Review: Paperless is a solid paper-organizer

The tenacity of paper is amazing. Given that electronic screens permeate our lives and a whole generation has grown up with the Internet in their homes, it seems that paper should be obsolete by now. Yet we still get account statements in the mail and little strips of paper every time we make a purchase (Apple Stores notwithstanding). Mariner Software’s Paperless 2.2.1 can’t prevent those papers from drifting into your life, but it can hasten their trip to the recycling bin.

Paperless couples with a Fujitsu ScanSnap or an Image Capture-compatible document scanner to digitize things like receipts and business cards (TWAIN devices are not supported). Once you scan the document, its image is processed using optical character recognition (OCR) to create a searchable archive. Finally, thanks to Paperless’s built-in smarts, it attempts to parse the document so that it can fill in metadata with information like dates and dollar amounts.

Paperless’s design and features hit most of the right notes, but it’s not all harmony.

Paperless uses a three-column window to display your document library. The left column provides access to sets of items called collections, and default collections filter your library by date ranges like ‘this week’ or ‘last month’. It also offers up items by type if you want to scan through all your contacts.

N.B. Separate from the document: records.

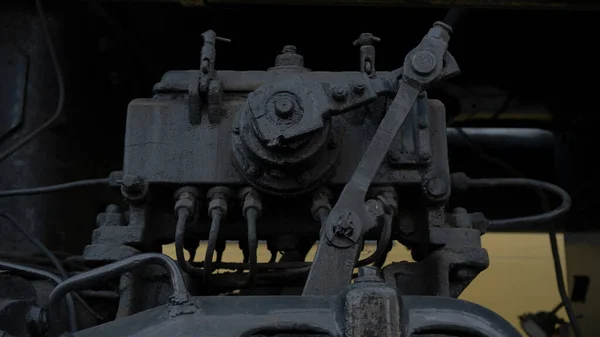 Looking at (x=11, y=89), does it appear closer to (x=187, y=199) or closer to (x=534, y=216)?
(x=187, y=199)

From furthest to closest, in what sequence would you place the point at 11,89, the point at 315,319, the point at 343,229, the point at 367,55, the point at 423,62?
the point at 11,89
the point at 367,55
the point at 423,62
the point at 343,229
the point at 315,319

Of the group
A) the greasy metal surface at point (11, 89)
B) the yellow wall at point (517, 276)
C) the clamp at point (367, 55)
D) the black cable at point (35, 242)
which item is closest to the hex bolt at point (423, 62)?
the clamp at point (367, 55)

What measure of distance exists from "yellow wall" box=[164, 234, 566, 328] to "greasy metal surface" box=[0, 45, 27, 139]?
1903mm

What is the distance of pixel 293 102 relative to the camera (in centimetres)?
86

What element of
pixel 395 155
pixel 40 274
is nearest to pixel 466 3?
pixel 395 155

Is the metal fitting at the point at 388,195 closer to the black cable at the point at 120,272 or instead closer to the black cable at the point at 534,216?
the black cable at the point at 534,216

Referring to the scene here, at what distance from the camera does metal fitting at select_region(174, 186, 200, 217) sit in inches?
37.6

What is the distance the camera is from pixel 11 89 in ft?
4.50

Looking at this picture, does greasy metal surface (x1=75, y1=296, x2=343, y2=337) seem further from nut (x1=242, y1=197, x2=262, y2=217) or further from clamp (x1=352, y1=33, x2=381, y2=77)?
clamp (x1=352, y1=33, x2=381, y2=77)

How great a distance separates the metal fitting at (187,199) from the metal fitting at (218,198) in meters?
0.02

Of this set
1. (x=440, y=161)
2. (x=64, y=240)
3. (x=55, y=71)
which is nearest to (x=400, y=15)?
(x=440, y=161)

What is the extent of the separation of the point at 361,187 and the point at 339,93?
0.14m

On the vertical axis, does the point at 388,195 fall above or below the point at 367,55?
below

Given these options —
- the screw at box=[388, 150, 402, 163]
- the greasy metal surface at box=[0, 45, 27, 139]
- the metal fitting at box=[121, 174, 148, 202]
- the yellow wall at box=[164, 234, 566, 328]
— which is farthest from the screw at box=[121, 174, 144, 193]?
the yellow wall at box=[164, 234, 566, 328] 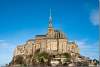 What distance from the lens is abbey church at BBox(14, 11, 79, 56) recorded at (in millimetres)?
38875

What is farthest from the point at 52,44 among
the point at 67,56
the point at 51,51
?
the point at 67,56

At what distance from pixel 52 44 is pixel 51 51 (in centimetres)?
111

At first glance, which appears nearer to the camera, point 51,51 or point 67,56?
point 67,56

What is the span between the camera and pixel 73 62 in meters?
37.3

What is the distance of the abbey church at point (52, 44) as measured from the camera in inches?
1531

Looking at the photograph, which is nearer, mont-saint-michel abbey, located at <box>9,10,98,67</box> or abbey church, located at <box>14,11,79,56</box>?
mont-saint-michel abbey, located at <box>9,10,98,67</box>

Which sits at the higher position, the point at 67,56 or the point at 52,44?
the point at 52,44

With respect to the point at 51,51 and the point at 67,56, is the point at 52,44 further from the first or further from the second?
the point at 67,56

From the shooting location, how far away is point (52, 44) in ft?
128

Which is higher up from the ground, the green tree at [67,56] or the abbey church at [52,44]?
the abbey church at [52,44]

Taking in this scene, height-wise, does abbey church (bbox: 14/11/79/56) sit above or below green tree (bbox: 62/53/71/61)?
above

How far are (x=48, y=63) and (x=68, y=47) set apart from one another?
425 cm

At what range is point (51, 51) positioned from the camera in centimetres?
3897

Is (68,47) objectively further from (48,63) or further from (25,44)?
(25,44) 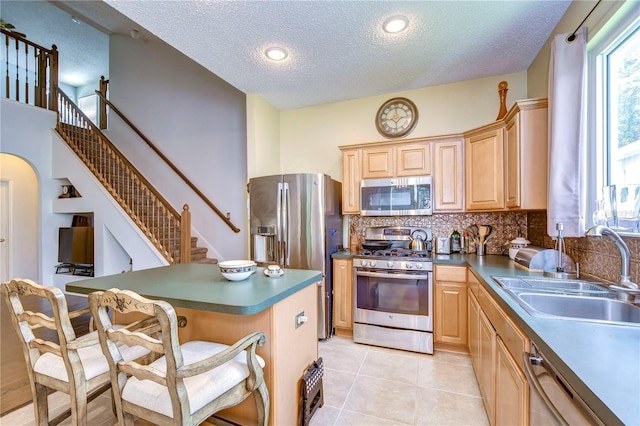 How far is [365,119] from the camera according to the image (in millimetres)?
3686

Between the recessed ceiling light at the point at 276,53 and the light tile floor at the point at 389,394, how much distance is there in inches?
115

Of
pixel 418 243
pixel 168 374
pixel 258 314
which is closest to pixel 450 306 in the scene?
pixel 418 243

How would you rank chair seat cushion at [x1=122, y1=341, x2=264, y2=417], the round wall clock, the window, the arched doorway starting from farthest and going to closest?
the arched doorway
the round wall clock
the window
chair seat cushion at [x1=122, y1=341, x2=264, y2=417]

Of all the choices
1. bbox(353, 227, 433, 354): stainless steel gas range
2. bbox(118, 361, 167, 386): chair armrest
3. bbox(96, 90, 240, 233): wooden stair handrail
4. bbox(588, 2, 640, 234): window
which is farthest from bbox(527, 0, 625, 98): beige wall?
bbox(96, 90, 240, 233): wooden stair handrail

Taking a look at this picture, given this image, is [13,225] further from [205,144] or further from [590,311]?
[590,311]

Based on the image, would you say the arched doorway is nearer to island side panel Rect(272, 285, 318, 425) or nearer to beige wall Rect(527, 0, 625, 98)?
island side panel Rect(272, 285, 318, 425)

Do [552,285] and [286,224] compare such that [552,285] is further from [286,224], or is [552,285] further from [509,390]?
[286,224]

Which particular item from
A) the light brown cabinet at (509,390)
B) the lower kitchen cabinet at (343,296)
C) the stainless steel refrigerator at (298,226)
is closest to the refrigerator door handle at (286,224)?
the stainless steel refrigerator at (298,226)

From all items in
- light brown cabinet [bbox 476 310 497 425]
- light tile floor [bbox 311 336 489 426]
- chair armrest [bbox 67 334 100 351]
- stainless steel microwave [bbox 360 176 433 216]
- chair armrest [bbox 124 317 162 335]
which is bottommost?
light tile floor [bbox 311 336 489 426]

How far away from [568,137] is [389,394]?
2204mm

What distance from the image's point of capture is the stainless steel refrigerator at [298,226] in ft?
9.94

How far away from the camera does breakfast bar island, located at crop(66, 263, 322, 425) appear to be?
4.49 ft

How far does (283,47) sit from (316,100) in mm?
1229

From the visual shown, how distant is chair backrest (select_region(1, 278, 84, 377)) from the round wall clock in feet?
11.1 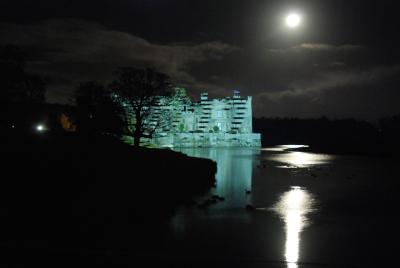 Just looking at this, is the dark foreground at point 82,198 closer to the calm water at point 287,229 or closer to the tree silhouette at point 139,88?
the calm water at point 287,229

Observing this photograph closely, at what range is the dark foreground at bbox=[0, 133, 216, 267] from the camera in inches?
668

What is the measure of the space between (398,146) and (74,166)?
148 metres

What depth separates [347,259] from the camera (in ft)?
64.0

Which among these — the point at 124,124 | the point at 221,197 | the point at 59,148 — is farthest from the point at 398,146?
the point at 59,148

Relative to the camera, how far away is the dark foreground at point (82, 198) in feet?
55.7

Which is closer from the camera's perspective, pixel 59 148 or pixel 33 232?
pixel 33 232

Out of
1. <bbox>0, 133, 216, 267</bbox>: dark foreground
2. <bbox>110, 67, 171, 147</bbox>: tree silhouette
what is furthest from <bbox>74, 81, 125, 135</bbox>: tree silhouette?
<bbox>0, 133, 216, 267</bbox>: dark foreground

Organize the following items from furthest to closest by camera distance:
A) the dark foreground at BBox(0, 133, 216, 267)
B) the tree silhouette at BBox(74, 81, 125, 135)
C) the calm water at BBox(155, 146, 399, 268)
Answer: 1. the tree silhouette at BBox(74, 81, 125, 135)
2. the calm water at BBox(155, 146, 399, 268)
3. the dark foreground at BBox(0, 133, 216, 267)

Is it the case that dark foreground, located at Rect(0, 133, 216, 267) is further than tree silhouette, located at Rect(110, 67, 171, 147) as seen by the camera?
No

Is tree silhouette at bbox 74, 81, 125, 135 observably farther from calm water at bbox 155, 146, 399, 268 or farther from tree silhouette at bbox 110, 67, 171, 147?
calm water at bbox 155, 146, 399, 268

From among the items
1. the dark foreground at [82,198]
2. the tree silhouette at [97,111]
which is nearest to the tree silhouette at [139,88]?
the tree silhouette at [97,111]

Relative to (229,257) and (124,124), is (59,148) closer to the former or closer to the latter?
(229,257)

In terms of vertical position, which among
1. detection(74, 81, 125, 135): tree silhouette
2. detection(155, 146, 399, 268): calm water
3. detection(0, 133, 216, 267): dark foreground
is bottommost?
detection(155, 146, 399, 268): calm water

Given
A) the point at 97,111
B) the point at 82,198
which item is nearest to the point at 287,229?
the point at 82,198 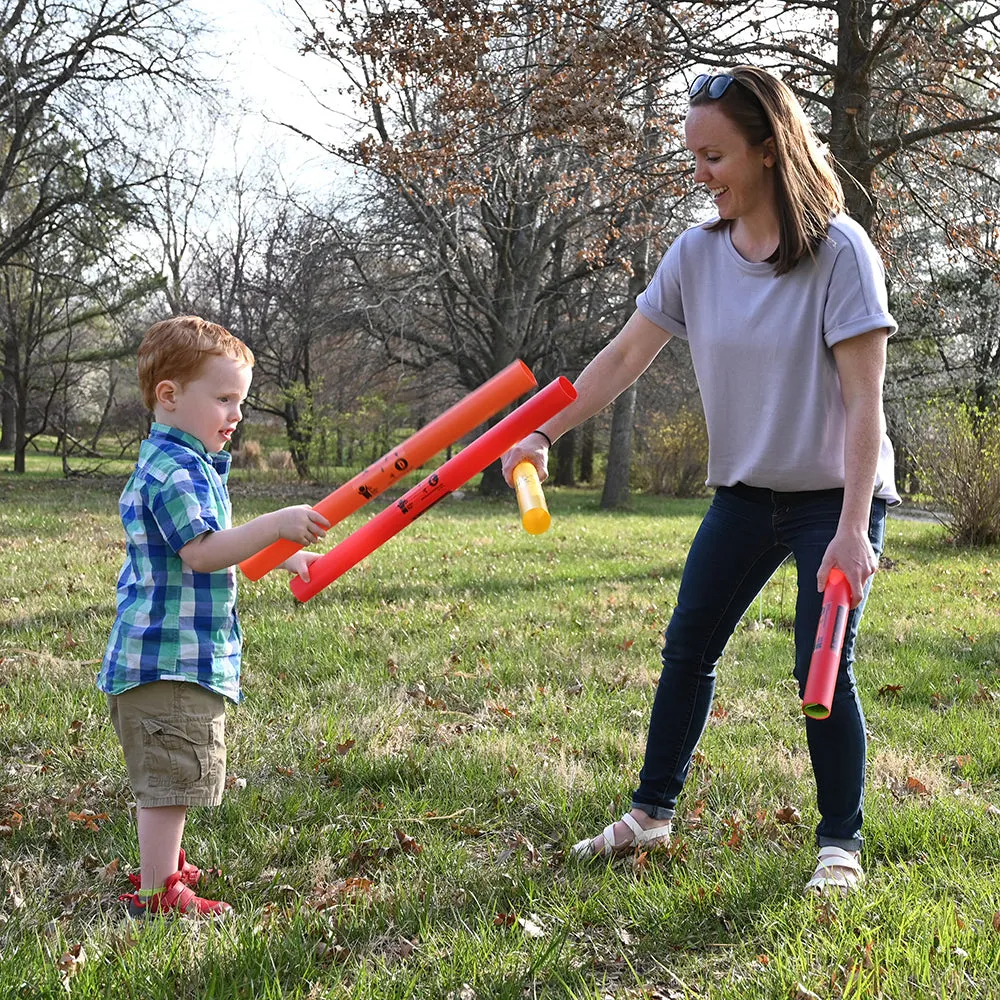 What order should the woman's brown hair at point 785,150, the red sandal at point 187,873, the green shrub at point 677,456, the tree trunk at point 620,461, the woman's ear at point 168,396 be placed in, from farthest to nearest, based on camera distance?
the green shrub at point 677,456 → the tree trunk at point 620,461 → the red sandal at point 187,873 → the woman's ear at point 168,396 → the woman's brown hair at point 785,150

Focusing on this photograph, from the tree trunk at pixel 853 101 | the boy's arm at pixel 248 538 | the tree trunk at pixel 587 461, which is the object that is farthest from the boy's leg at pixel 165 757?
the tree trunk at pixel 587 461

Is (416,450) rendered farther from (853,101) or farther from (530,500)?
(853,101)

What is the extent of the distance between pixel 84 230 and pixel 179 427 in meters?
16.9

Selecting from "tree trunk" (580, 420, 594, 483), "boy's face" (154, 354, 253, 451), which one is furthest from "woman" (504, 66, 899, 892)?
"tree trunk" (580, 420, 594, 483)

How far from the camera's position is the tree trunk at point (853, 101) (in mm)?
9633

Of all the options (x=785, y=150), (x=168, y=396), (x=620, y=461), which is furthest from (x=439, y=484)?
(x=620, y=461)

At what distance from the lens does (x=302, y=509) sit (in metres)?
2.51

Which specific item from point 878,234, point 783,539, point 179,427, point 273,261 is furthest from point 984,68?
point 273,261

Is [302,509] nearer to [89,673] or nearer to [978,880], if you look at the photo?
[978,880]

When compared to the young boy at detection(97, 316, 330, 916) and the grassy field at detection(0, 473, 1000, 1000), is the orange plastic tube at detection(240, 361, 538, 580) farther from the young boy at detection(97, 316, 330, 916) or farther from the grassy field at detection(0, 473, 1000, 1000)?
the grassy field at detection(0, 473, 1000, 1000)

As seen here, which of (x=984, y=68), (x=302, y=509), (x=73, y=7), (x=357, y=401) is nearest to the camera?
(x=302, y=509)

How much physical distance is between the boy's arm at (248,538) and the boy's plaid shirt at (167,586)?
4 centimetres

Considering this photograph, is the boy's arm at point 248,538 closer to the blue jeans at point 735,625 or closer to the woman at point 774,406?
the woman at point 774,406

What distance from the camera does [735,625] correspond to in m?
2.98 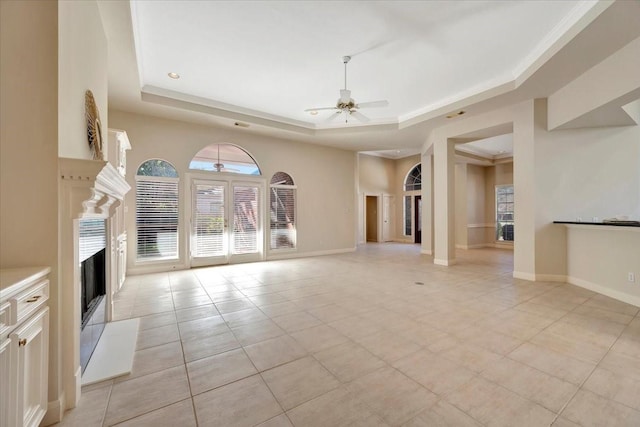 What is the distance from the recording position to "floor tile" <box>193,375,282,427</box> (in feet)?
5.04

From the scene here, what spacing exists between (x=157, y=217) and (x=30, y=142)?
433 cm

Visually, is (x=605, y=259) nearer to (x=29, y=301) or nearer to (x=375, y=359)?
(x=375, y=359)

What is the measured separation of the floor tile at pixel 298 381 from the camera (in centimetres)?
173

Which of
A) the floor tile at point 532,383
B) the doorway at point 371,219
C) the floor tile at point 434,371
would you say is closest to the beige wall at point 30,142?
the floor tile at point 434,371

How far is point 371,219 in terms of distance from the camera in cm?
1177

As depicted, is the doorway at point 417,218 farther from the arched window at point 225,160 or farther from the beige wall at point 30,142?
the beige wall at point 30,142

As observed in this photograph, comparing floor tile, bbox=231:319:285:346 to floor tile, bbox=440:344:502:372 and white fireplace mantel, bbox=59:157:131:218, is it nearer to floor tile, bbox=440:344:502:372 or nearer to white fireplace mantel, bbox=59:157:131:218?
floor tile, bbox=440:344:502:372

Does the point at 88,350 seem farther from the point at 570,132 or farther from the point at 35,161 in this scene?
the point at 570,132

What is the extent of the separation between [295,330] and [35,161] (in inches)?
92.4

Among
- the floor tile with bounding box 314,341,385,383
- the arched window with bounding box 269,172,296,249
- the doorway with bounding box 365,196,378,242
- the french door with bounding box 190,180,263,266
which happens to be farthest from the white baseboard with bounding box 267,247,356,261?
the floor tile with bounding box 314,341,385,383

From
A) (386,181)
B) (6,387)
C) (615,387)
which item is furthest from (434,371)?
(386,181)

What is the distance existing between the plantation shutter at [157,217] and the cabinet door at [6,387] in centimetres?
465

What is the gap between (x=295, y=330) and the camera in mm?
2711

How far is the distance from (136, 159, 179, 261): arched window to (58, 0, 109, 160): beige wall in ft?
9.30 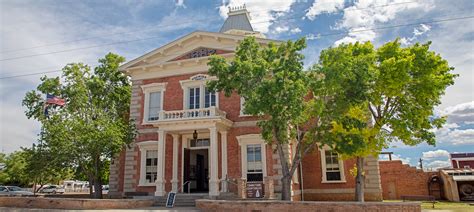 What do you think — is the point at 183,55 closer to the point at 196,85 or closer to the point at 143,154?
the point at 196,85

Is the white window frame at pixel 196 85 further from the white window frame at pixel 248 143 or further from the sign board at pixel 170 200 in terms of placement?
the sign board at pixel 170 200

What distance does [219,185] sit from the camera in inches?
729

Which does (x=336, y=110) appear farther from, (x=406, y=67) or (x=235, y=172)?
(x=235, y=172)

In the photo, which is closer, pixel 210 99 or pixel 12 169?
pixel 210 99

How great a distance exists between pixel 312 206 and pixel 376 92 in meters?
7.09

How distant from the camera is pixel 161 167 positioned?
1864cm

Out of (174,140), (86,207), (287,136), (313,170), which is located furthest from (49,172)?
(313,170)

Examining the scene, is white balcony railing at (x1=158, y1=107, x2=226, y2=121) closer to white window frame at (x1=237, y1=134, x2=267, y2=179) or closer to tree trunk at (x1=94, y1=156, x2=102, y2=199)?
white window frame at (x1=237, y1=134, x2=267, y2=179)

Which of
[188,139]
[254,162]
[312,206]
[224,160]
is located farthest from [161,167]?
[312,206]

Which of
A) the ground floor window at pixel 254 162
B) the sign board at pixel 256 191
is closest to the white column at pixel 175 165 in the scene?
the ground floor window at pixel 254 162

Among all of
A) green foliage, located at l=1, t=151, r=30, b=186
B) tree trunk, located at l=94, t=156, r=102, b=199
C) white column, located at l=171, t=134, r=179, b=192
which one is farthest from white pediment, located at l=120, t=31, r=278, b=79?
green foliage, located at l=1, t=151, r=30, b=186

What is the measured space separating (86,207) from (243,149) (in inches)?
326

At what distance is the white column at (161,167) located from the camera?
724 inches

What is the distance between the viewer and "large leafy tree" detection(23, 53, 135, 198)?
18062 mm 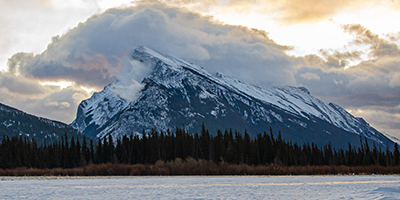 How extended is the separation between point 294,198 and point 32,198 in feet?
122

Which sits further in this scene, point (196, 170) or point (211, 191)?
point (196, 170)

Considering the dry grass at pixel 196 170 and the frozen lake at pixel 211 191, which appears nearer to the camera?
the frozen lake at pixel 211 191

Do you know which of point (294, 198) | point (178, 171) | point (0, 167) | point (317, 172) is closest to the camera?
point (294, 198)

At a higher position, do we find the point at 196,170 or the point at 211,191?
the point at 196,170

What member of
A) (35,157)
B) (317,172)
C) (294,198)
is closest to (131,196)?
(294,198)

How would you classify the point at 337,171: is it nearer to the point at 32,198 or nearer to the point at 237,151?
the point at 237,151

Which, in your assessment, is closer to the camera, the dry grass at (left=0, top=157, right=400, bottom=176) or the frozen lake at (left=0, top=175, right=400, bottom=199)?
the frozen lake at (left=0, top=175, right=400, bottom=199)

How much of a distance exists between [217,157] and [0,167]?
3888 inches

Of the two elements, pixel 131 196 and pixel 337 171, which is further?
pixel 337 171

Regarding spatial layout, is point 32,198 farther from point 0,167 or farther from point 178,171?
point 0,167

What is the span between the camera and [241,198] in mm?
57000

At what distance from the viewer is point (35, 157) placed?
656 ft

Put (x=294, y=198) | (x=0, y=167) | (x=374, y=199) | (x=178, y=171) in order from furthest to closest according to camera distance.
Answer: (x=0, y=167) → (x=178, y=171) → (x=294, y=198) → (x=374, y=199)

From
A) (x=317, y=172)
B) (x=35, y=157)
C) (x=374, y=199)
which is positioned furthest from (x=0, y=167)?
(x=374, y=199) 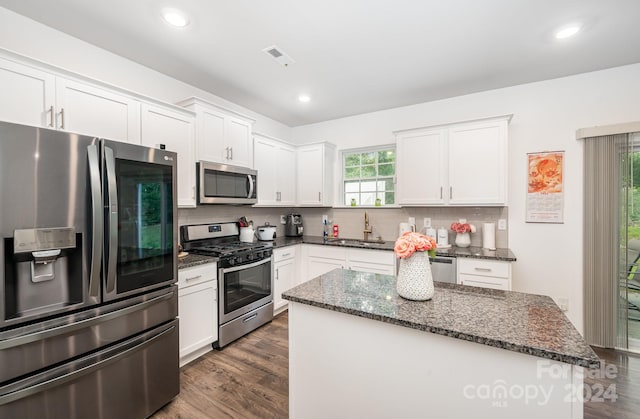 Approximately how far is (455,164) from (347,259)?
1.69m

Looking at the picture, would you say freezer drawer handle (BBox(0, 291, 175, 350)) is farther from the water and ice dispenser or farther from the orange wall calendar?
the orange wall calendar

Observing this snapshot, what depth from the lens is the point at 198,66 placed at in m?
2.58

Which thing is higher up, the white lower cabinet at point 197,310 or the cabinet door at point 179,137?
the cabinet door at point 179,137

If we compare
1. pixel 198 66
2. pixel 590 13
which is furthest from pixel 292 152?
pixel 590 13

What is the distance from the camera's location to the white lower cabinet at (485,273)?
2584mm

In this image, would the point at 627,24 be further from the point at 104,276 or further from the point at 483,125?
the point at 104,276

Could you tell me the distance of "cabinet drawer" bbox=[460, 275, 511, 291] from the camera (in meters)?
2.58

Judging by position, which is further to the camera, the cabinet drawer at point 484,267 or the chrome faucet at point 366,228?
the chrome faucet at point 366,228

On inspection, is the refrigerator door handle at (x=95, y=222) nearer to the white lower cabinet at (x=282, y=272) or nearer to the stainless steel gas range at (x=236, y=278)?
the stainless steel gas range at (x=236, y=278)

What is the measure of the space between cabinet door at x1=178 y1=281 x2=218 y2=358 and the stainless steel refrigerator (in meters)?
0.37

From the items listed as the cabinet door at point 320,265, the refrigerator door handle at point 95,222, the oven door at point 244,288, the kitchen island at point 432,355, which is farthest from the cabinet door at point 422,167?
the refrigerator door handle at point 95,222

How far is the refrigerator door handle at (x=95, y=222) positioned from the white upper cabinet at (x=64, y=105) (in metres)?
0.62

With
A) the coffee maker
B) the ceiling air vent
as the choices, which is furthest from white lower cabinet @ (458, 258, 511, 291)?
the ceiling air vent

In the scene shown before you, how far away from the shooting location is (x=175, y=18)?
1.91 meters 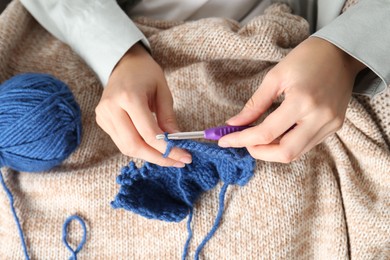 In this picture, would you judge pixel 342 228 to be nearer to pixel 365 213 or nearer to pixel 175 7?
pixel 365 213

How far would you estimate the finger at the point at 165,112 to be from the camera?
0.64 metres

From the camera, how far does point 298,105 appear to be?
0.56 metres

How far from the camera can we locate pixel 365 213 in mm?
716

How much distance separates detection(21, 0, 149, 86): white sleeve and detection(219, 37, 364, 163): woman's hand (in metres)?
0.24

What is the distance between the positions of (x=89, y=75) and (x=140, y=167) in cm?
20

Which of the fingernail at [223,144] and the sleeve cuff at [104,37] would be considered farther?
the sleeve cuff at [104,37]

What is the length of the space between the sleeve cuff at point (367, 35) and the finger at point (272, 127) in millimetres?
139

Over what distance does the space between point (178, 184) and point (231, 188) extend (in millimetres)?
87

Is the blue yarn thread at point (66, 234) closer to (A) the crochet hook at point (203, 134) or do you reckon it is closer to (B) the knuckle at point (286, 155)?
(A) the crochet hook at point (203, 134)

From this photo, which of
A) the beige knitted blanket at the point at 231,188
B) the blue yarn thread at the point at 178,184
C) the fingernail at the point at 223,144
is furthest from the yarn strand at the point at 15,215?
the fingernail at the point at 223,144

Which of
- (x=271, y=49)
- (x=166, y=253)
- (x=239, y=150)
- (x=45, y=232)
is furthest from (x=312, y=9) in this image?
(x=45, y=232)

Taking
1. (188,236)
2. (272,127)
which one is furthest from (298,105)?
(188,236)

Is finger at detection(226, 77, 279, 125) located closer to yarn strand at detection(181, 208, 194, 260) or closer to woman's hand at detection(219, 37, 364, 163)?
woman's hand at detection(219, 37, 364, 163)

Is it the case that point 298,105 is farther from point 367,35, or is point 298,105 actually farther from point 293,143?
point 367,35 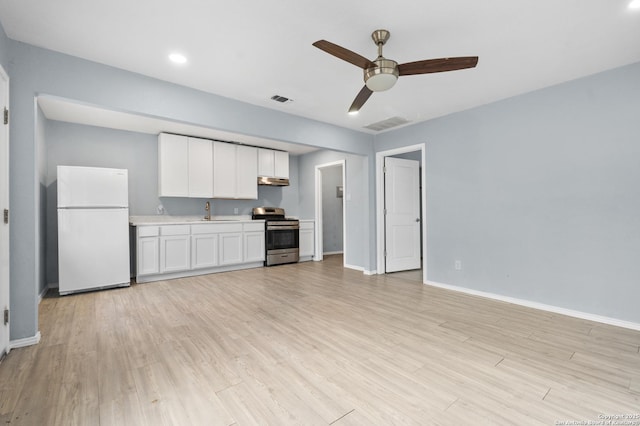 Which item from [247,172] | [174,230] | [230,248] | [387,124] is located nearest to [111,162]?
[174,230]

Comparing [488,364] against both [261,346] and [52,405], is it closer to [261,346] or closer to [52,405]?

Paperless provides a space for two flavors of custom collections. The standard custom collection is essentially a folder that holds whatever items you drag into it. Smart collections work like iTunes’ smart playlists: You choose the criteria to search for, and Paperless places the matching items into the collection. Frustratingly, a smart collection can’t match on OCR text despite the fact that Paperless’s search bar does include results from that text. This seems like a major missed opportunity to organize automatically.